- What is your experience with video game learning supports? Which principles (Mayer’s and Merrill’s) seem to be commonly applied in in-game support and which ones are often missed in your experience?
When I was younger, I used to love the game “The young person’s guide to the orchestra,” based on and utilising music from the Benjamin Britten symphony of the same name. The game introduces an adventure plot wherein the player must locate all the missing pieces of the instruments on a safari expedition in order to complete the orchestra. The players must play additional minigames further familiarising themselves with the instruments in order to win them.
This game is a stellar example of Mayer’s multimedia principle, beautifully combining visual animations with relevant narration / musical interlude for a fun and engaging experience. It also effectively employs Mayer’s segmenting principle by breaking the orchestra down into sections (percussion, strings, brass, woodwinds) and even further into individual instruments! The young person’s guide to the orchestra also uses Merrill’s demonstration principle by using animations to break down and show each instruments’ complex composition. While the game does utilize Meyer’s voice principle, it does not very effectively employ the personalization principle since it uses relatively formal language for the young audience it’s aimed towards.

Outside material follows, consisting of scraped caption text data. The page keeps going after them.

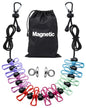 Magnetic Retractable Clothesline for Cruise Ship, 2026 Travel Clothesline with 12 Anti-Slip Clips & Waterproof Storage Bag, Portable Travel Laundry Line, Cruise Essentials for Cabin, Camping, RV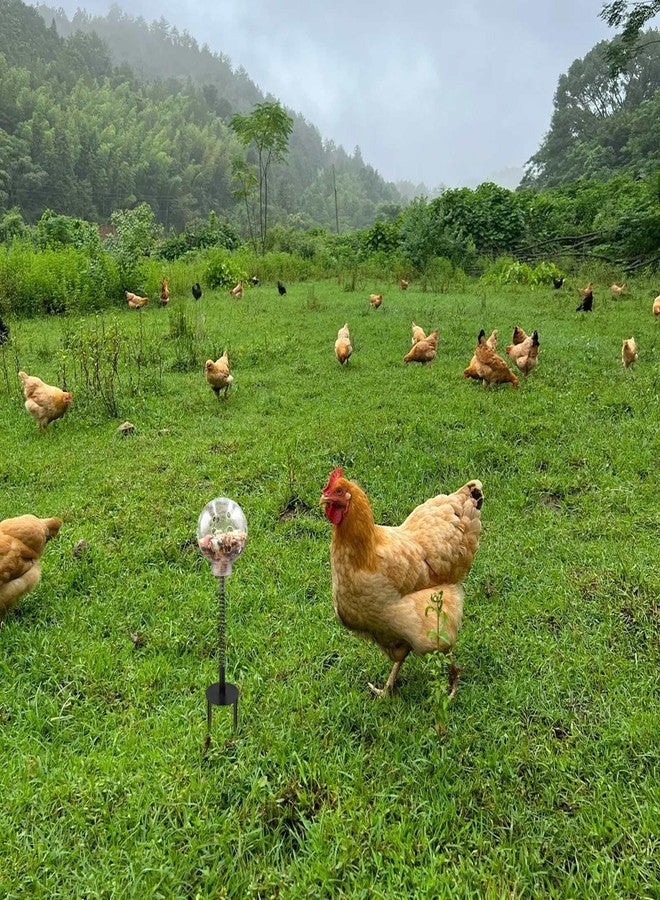 Oooct 2 Pack Chicken Pecking Toys with Swing Feeder, Coop Slow Feeder Toy for Chickens, Chicks, Ducks, Hens, Parrots & Poultry Enrichment - Image 2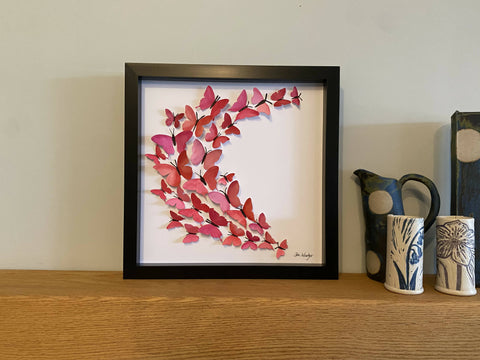 Paper Butterflies - Sweeping pinks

- In the reading, Students Need to DO Something, do any of the author’s experiences with passive learning in K-12 classrooms resonate with your own? Why do you think active learning is not more prevalent in K-12? Have you tried using any of these activities in a classroom? Which one looks most appealing to you?

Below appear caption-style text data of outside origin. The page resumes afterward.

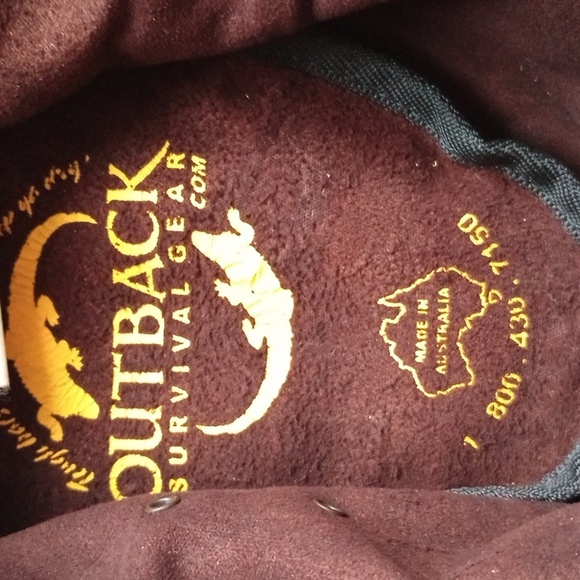 Outback Kangaroo Softy Hat Leather Australia Size Small - Picture 9 of 12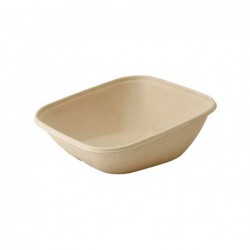 CAJA 300 ENVASES COMPOSTABLES DE BAGAZO 750ml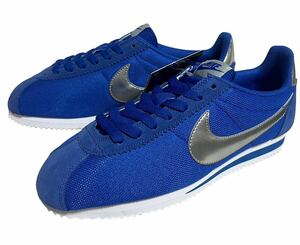 未使用品 15年 NIKE 532487-40 CLASSIC CORTEZ NYLON BLUE/SILVER 4 クラシック コルテッツ ナイロン ブルー/シルバー US8.5 26.5cm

My middle and high school (same school) continuously emphasized the importance of PBL and from this young age I was doing weekly discussions and presentations as well as independent studies in various classes. Additionally, I went to a Montessori elementary school so I was always very involved in my own learning since Montessori’s core value is self direction. I think the reason my school was able to implement PBL and active learning so effectively was due to our smaller class sizes; since I went to a private school, our class sizes were about 15 students, half the size of an average public school class in my hometown. I believe that class size is a constraint to the mainstream implementation of active learning since it’s much easier to teach a group of 30 students when they’re sitting down versus to have them all moving, doing activities, or coordinated into smaller groups etc. Collaboration, mini-projects, and kinesthetic work were the cornerstone of my education growing up which I loved at the time and look back on with gratitude. They were, and still are, my favourite and most effective ways to learn and I think classrooms across Canada would benefit from their implementation.